Thursday, December 16, 2010

Don’t “Listen to This?” Too much Ross in a review of Ross by Lebrecht

In a recent review of “Listen to This,” by Alex Ross, Norman Lebrecht is critical of what is not present in the book: dislike. Perhaps Ross should develop a third volume called “Don’t Listen to This.”

“Great critics are measured more by their courage to be disliked,” wrote Lebrecht, “by their capacity for dishing it out and taking the inevitable backlash, by their willingness to face the music.[…] The greatest critics do not mind being proved wrong.”
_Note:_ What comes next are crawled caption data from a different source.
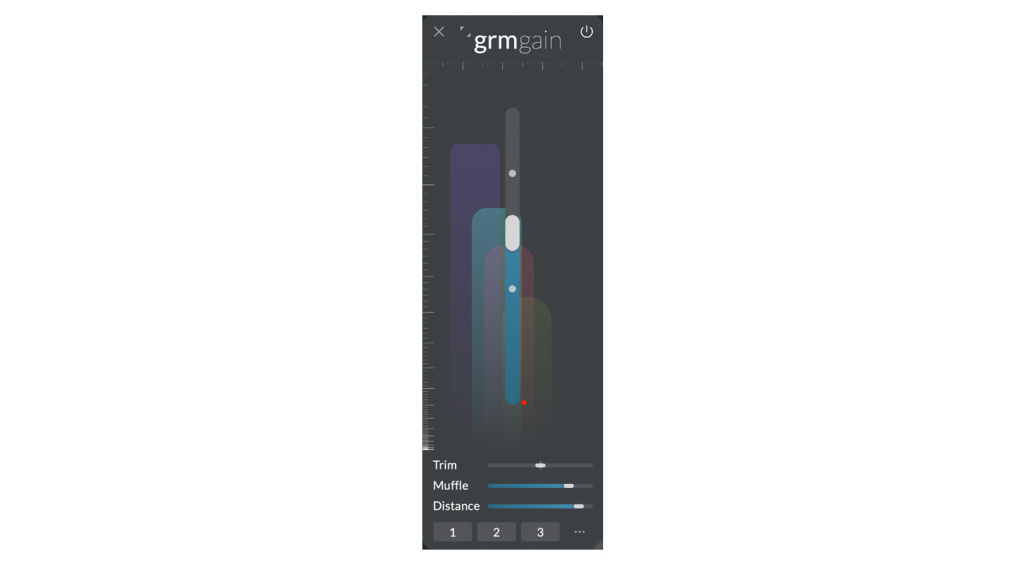 GRM Tools grmgain Modul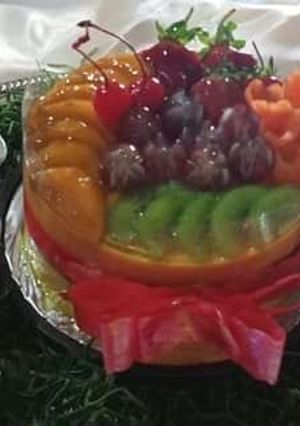 Foto resep Tart Puding Mangga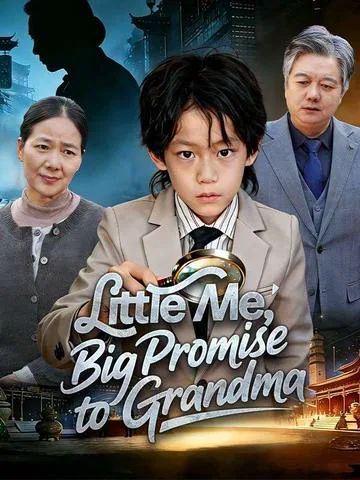 Little Me, Big Promise to Grandma poster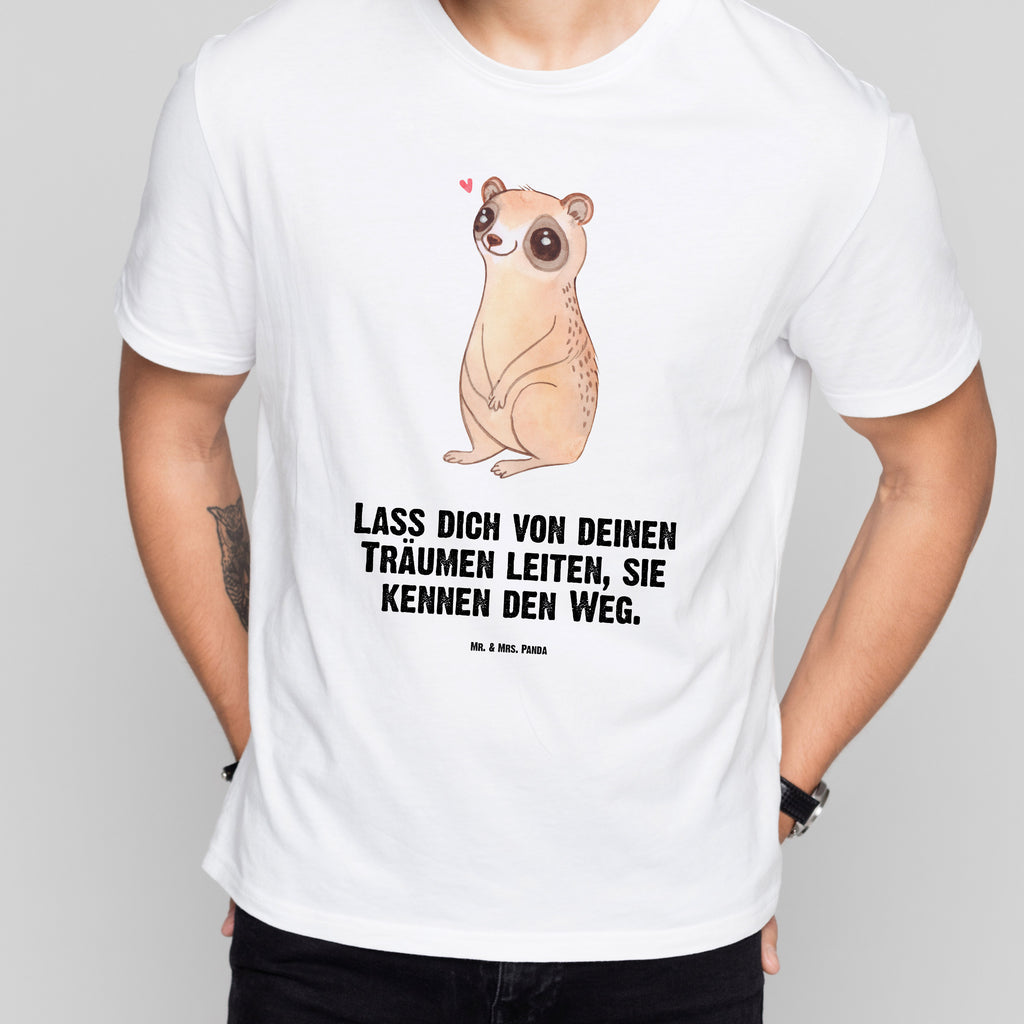 Größe L T-Shirt Plumplori Glücklich T-Shirt, Shirt, Tshirt, Lustiges T-Shirt, T-Shirt mit Spruch, Party, Junggesellenabschied, Jubiläum, Geburstag, Herrn, Damen, Männer, Frauen, Schlafshirt, Nachthemd, Sprüche, Tiermotive, Gute Laune, lustige Sprüche, Tiere, Plumplori, Niedlich, Glück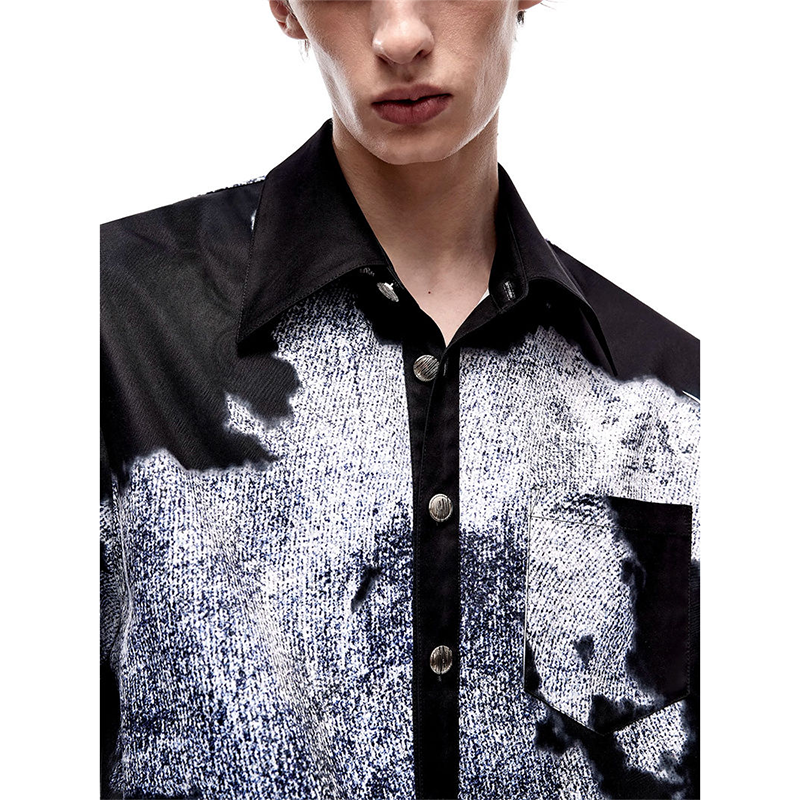 人気爆発 韓国のデザイン カジュアル 半袖シャツ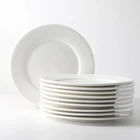 One-Stop Service Plates Event Top Rated Wholesale White Restaurant Plates CeramicWedding Event Plates Sets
Critics do need to be independent and willing to state unpopular views. But is that the most important means by which they should be measured? This would be like defending the entries in Slonimsky’s “Lexicon of Musical Invective” by noting that it took courage to express those views which have been soooo “proven wrong.”

“Eduard Hanslick,” writes Lebrecht, “is better remembered for caustically hating Wagner in 19th-century Vienna than for tamely admiring Brahms.” Maybe, but Hanslick also wrote that the Tchaikovsky Violin Concerto is music “which stinks to the ear.” Shouldn’t Hanslick be remembered instead for “On the Beautiful in Music,” one of the great early texts on aesthetics?

It is insights that one seeks, not likes or dislikes. Value judgment seems less important than rationale. I am less interested in what Ross dislikes than I am in his insights.

Many of the best insights in the Lebrecht review are positive:

“Ross is an avowed buff. He loves music with a nerdish obsession and he wants you to love it as much he does. […] Ross drew creative links between serious and popular music. Music is music, he argues. […] Ross is also credited with […] making new music an acceptable topic of dinner-table conversation.”

I would like to see Ross invest his charisma in deeper levels of analysis. To go beyond the journalistic into the kind of thinking represented by a book like “On the Beautiful in Music.”

Still, it is the educational potential in both books by Ross that makes them worthy. One imagines that people who are fascinated by other styles of music might pick up one of these Ross books and join the conversation with those of us who find energy, and relevance, in classical music.

I enjoy both Lebrecht and Ross; I am so sorry.